I wouldn't expect to play Pathfinder Online for free either. Last few years, they haven't let me know what is going on though, and no one there asked for my help either.
Blackmoor grew from a single Castle to include, first, several adjacent Castles (with the forces of Evil lying just off the edge of the world to an entire Northern Province of the Castle and Crusade Society's Great Kingdom.

~ Dave Arneson

Ulairi

Quote from: Omega;853236Yes. It apparently did come out in some small release. I am pretty sure one of my players had a copy. But might be mixing it up with the un-related MMO.

re-found it.

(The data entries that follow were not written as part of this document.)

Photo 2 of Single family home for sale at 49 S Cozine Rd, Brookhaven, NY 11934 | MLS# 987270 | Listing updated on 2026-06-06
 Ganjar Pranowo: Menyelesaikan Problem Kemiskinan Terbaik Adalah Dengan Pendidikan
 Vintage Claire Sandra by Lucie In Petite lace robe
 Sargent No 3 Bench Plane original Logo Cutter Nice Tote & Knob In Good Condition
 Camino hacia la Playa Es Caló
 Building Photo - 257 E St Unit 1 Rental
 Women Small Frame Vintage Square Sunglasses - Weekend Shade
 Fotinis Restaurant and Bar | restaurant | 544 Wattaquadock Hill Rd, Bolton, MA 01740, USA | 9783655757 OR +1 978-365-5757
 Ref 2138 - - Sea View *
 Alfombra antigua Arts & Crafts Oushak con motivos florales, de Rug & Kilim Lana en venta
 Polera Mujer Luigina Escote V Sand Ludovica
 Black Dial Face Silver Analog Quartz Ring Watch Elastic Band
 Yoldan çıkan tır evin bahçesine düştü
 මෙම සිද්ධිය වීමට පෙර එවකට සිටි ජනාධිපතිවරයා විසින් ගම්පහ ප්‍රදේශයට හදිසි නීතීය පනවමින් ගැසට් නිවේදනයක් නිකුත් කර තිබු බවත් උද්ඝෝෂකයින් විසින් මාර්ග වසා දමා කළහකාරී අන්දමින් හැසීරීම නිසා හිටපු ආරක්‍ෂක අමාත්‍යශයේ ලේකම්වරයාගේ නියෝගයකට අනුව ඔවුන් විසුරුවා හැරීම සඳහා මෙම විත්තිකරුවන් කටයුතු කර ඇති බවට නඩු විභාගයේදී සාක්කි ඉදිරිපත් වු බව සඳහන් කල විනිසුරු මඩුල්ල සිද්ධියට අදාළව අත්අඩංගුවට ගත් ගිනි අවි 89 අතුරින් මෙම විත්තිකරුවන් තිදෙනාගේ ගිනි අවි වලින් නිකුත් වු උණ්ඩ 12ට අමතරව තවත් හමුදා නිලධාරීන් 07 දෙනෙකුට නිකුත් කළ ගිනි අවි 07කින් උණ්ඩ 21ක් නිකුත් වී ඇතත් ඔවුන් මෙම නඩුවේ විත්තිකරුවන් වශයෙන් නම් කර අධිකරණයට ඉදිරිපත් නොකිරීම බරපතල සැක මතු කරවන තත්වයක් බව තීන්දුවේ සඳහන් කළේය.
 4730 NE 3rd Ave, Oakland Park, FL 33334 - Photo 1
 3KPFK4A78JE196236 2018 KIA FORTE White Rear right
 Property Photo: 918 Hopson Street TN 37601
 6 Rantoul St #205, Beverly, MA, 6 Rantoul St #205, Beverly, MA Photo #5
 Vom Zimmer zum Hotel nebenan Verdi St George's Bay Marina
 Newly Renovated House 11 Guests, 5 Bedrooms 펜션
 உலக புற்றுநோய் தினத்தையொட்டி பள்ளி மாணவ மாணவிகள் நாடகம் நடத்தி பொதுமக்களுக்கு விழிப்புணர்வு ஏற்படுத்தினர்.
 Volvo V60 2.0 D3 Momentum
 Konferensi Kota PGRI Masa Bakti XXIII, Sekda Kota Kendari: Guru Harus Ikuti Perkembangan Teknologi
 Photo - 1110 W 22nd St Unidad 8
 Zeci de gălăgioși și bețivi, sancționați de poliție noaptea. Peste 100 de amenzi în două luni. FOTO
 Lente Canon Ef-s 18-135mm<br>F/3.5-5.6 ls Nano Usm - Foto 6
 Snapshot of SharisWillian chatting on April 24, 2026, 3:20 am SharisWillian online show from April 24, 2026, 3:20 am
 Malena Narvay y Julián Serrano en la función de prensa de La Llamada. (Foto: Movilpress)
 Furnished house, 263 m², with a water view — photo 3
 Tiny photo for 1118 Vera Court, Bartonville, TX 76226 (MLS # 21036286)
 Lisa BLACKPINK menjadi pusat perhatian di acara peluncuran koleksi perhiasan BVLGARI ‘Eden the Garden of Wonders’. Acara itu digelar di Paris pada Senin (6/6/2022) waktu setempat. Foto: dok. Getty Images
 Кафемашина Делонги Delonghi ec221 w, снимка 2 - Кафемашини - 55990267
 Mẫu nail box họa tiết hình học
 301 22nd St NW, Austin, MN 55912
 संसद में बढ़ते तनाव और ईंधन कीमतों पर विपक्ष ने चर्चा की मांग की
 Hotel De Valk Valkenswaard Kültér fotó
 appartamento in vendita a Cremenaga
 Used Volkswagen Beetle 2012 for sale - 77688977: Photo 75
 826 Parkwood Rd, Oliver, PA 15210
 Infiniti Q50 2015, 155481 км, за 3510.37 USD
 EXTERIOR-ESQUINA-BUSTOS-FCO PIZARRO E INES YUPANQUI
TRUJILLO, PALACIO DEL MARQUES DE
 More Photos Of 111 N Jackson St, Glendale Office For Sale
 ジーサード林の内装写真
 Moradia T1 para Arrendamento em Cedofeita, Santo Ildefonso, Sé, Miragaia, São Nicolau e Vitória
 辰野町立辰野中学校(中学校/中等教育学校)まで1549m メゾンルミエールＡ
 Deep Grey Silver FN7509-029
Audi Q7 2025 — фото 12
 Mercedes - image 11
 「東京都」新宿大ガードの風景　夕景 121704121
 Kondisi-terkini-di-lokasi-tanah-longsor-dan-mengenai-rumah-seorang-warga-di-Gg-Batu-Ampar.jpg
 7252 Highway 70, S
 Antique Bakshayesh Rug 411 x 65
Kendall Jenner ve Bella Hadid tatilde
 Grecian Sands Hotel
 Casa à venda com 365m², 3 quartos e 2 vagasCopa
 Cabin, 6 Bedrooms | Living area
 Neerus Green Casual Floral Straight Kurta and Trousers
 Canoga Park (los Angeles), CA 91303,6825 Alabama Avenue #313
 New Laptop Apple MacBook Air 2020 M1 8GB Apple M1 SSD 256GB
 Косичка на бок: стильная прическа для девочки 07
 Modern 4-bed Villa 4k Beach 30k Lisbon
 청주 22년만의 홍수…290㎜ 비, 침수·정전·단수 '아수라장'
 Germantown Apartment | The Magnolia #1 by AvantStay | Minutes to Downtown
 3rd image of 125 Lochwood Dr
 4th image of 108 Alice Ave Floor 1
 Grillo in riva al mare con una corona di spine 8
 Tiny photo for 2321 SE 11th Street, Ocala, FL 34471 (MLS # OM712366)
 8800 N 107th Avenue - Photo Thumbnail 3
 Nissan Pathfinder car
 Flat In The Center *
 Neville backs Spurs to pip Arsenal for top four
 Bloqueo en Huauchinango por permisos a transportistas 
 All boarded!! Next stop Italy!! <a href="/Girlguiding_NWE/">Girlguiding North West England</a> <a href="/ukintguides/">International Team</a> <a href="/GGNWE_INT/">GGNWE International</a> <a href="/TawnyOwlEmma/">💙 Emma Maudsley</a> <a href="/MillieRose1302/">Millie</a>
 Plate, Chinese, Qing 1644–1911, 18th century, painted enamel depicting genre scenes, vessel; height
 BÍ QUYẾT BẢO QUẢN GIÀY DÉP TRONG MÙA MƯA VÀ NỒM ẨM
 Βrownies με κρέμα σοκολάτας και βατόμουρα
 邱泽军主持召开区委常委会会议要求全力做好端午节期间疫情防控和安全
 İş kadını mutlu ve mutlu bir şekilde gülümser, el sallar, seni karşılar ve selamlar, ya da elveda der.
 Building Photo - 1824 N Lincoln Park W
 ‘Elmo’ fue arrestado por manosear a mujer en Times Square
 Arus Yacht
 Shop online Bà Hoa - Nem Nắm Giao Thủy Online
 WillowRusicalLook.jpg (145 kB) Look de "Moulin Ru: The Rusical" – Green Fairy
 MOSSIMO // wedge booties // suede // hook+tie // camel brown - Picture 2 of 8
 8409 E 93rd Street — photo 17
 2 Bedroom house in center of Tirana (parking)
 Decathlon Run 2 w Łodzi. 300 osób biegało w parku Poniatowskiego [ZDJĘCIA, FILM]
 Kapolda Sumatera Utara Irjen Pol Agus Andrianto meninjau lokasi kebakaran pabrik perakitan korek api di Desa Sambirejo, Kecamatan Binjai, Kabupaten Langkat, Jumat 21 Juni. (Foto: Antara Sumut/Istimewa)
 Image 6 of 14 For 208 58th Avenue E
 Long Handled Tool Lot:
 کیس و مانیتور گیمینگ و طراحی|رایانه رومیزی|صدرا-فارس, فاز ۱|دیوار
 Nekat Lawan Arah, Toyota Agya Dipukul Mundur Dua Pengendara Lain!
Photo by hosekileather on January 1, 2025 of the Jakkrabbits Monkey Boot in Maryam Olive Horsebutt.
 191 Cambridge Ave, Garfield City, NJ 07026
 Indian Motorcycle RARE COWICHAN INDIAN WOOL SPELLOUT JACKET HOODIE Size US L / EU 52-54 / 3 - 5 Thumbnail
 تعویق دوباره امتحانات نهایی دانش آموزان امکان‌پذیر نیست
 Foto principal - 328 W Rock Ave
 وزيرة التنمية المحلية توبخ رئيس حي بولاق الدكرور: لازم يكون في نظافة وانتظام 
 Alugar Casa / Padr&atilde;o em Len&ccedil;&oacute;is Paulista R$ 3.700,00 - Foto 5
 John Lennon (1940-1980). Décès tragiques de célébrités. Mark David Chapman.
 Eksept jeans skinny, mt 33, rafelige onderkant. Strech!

Rifts: Promise of Power for the N-Gage in 2005. What the heck is an N-Gage?

it was Nokia's phone/game system that came out a few years too early.

I worked on the Rifts game and I still have my copy of the goldmaster cart. It is a really good game just on the wrong system.

Spinachcat

I am sorry for all the Pathfinder fans. I think PF suxxors, but I know people who were all excited to play the MMO and invested in the KS and this news is gonna crap their weekend.

Quote from: Orphan81;853172Fuck me, I'm just flat out wrong... but in my defense I'm suffering from some extreme insomina at the moment.

Holy shit! You've just admitted to being wrong...ON THE INTERNET!!! That's just not done! Get some sleep!